This is a handout I’ve lovingly researched and prepared for my players in a Dungeons & Dragons campaign I’ll be starting soon.
Inspiration
While we’re waiting for the first session, I thought I’d share a few of the inspirational materials that made me want to run D&D this year.
Game Night by Jonny Nexus
Game Night is a book I found at random in my girlfriend’s grandparent’s AirBnB’s bookshelf. It’s nothing like what they’d read, so it must have been left by a previous guest. The god of gods, a Zeus analogue, is running a roleplaying game with his children gods. The gods themselves portray the archetypes, and control real people in the All-father’s creation in their game. It’s a hilarious take on role playing games and an interesting story at the same time.
Stranger Things (Netflix)
The opening scene has the protagonists playing D&D, battling a famous ‘big bad evil guy’ demon Demogorgon. The series uses D&D monsters and scenarios as metaphors for what’s happening to the characters. It’s a great show, very suspenseful. It’s probably the biggest reason that Dungeons and Dragons has exploded in popularity in the past year or two, though others will claim Critical Role has a bigger part. I doubt it.
The Adventure Zone podcast
One of my favorite movies just ended. It was roughly 80 hours of audio from start to finish, with no visual components whatsoever. It's coincidentally also one of my favorite books, and not only is it not on paper, it was largely improvised.
The Adventure Zone started as three brothers and their dad doing a filler episode for their other podcast. A friend of my tweeted about it ending. That piqued my interest well enough to try the first episode. I was hooked and listened to the entire thing over a couple of months. It really put off my reading goal this year, since I spent all my free time on that. It’s an incredible introduction to the game by a family who’s never played before but has experience with improv and theater. If you listen, be aware that it begins with some minor spoilers for something y’all may do at the start of your game. I think it’s worth it.
Other inspiration
- Critical Role, a very popular D&D actual play podcast that I haven’t listened to yet. I picked up the campaign setting and plan to incorporate at least some plot hooks from it. It can be watched on YouTube as videos or you can listen to the audio-only podcast. The players are mostly professional voice actors, which contributes to their success.
- The Elder Scrolls Morrowind, Oblivion, and Skyrim are big inspirations for me, especially with the “open world” I’m building.
- Running The Game by Matt Colville is a youtube series mostly on DMing, but with some episodes that are of interest to players as well. Don’t watch the first 3 episodes, they’re spoilerific. Alignment and Politics 101, The Central Tension are interesting places to start as a player.

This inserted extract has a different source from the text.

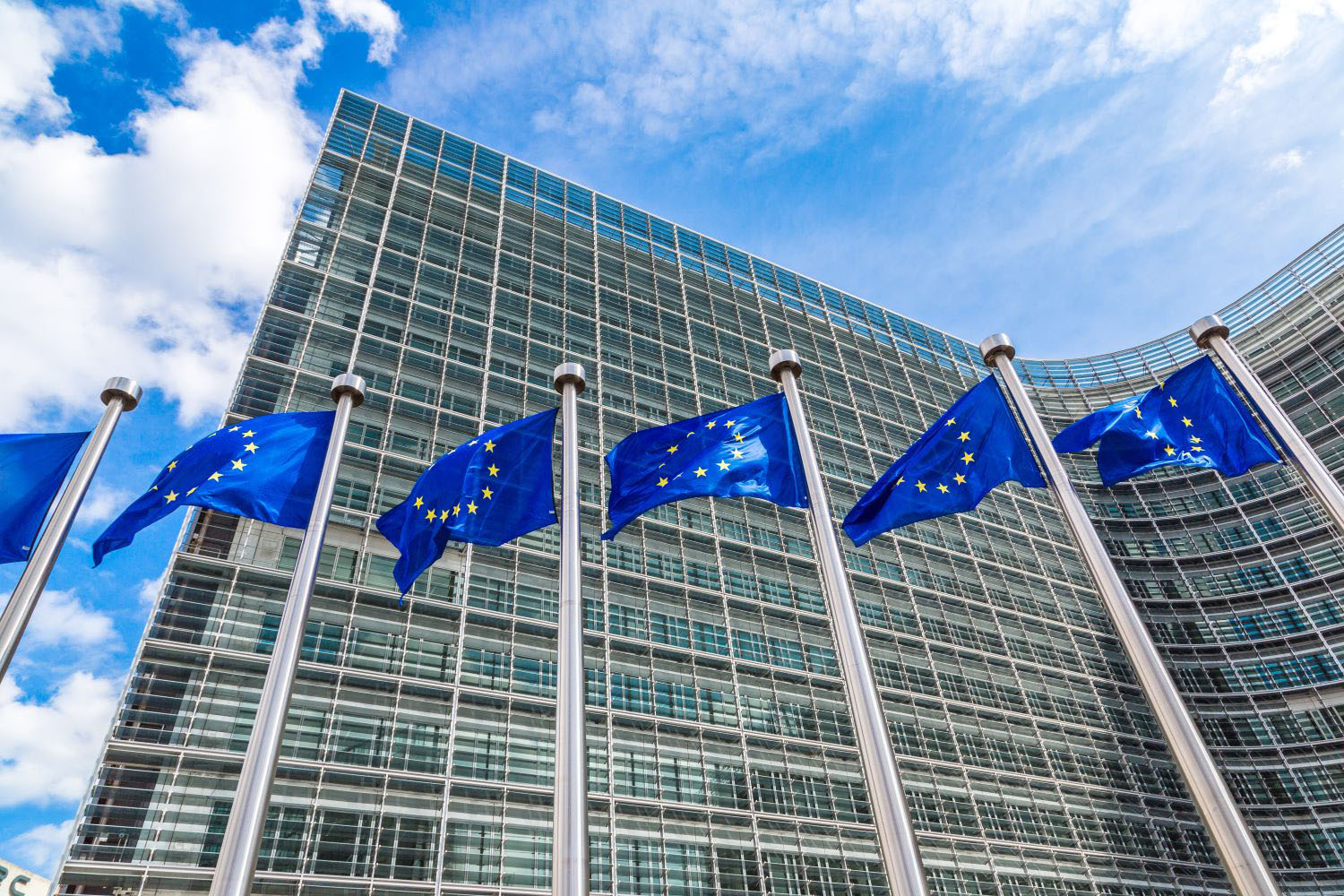 European flags in Brussels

- Draw Your Adventure is something I discovered years ago and was amused by. It’s a cartoony saga of intrigue, betrayal, and redemption.
Rolling Characters
We’ll do this together, but here’s the method we’ll be using to roll characters:
- Roll stats first
- Roll 4d6. Drop the lowest number, and sum the rest. Eg.
3 + 5 + 2 + 6 = 14
. Write this as your STR score. - Repeat for DEX, CON, INT, WIS, and CHA in order.
- If you don’t have at least 2 scores >= 15, start over.

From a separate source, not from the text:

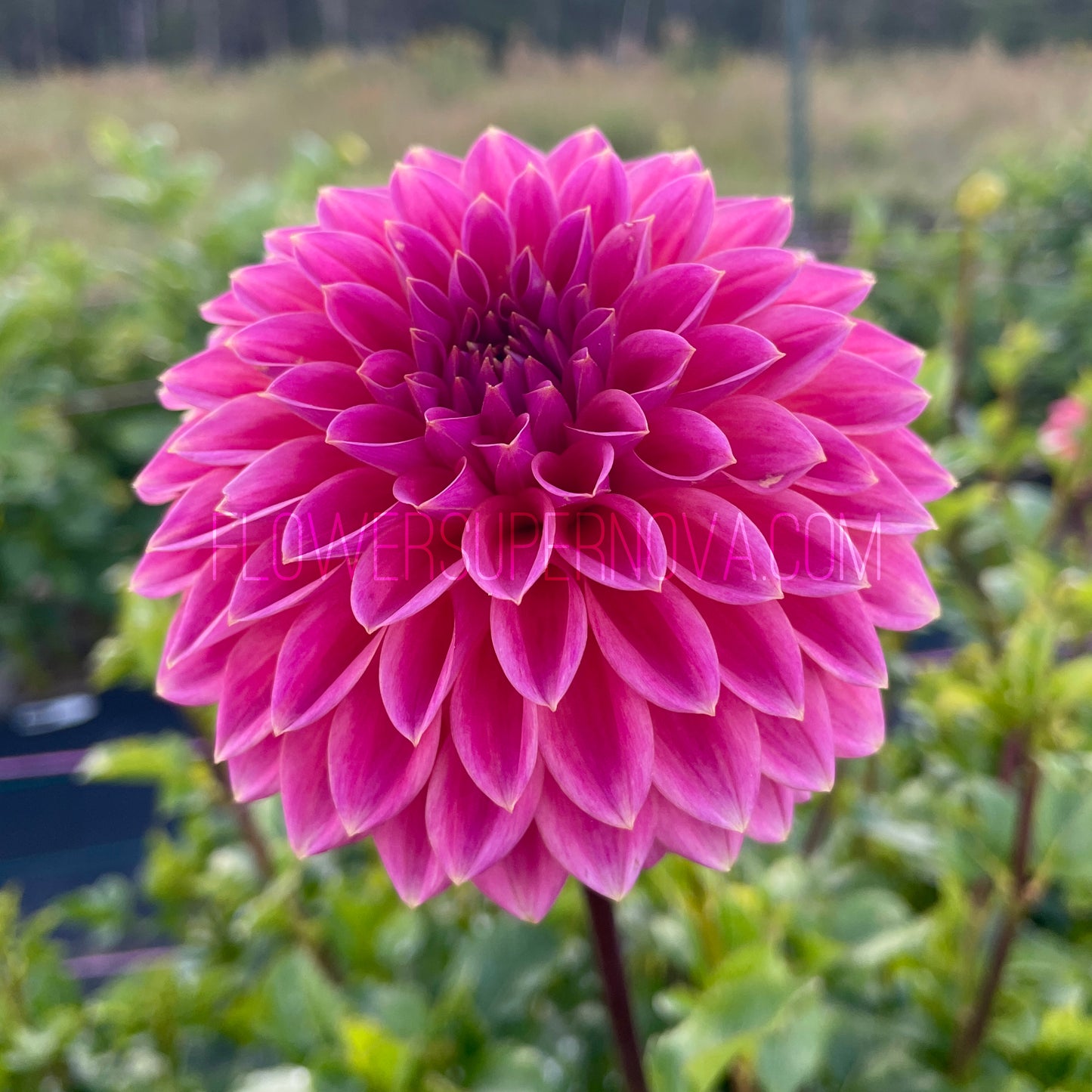 Dahlia Polventon Kristobel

- Roll 4d6. Drop the lowest number, and sum the rest. Eg.
- Based on these stats, choose a class and race
- You could pick any class here, and there are interesting role-play aspects to playing a low-int WIS Wizard who actually bluffs his way through knowledge checks and “leads from the back” because her CHA is her highest stat and WIS was no good.
- Race can augment these stats a bit, see the Races table.
This is designed to let us discover our characters, rather than bringing them to the table. I’m hoping this will be more interesting than playing into some of the tropes we’ve probably heard of.
More on rolling characters with this method (YouTube)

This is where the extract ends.